No documentário “Edward Said, the last interview”, Edward conclui a entrevista com uma discussão sobre a situação na Palestina. Ele fala sobre a complexidade e resistencia, das dificuldades do conflito, da ocupação opressiva. Ele discute o papel do  intelectual, da música, da história da partilha e como isso criou mais problemas do que soluçòes. Neste documentário ele conclui que a única maneira de solucionar o conflito será criando igualdade, permitindo cidadãos independentemente de suas origens étnicas ou religião, que tenham direitos iguais sobre a mesma terra. Sobre este assunto ele escreve no livro “The Question of Palestine”, onde ele discorre sobre a formação de um Estado binacional, onde um povo teria que admitir a existência do outro. No filme, quando o entrevistador pondera que isso parece mais uma utopia, ele responde “Olhe para a alternativa”.

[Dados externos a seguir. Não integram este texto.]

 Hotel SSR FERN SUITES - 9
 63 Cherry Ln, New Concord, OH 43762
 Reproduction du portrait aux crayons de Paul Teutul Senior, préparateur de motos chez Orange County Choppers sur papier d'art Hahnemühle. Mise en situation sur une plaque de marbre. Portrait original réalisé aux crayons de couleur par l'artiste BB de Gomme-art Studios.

Edward ainda nos leva a nossa intelectualidade a novos territórios. Ele nos apressa a pensar criativamente e em novas maneiras sobre a Questão Palestina. Ele continua a nos lembrar que nós temos que assumir riscos intelectuais pois a chances de sucesso são maiores do que se imagina. Edward e Daniel assumiram este risco e um primeiro passo nesta direção foi iniciar um projeto de educação musical. Edward nos chama a continuar nessa direção através de seus estudantes, leitores e ouvintes. Nós temos que continuar.

Edward Said, o professor, o acadêmico e o intelectual, acreditou que o criticismo e o dissenso são saudáveis. Eu os deixo com essa esperança. Manter a sua memória viva é manter Edward Said vivo.


Mariam C. Said

 

Saiba mais nos links abaixo sobre a vida e obra de Edward Said, além de atividades do ICArabe relacionadas o intelectual:

Simpósio “Orientalismo – 30 anos”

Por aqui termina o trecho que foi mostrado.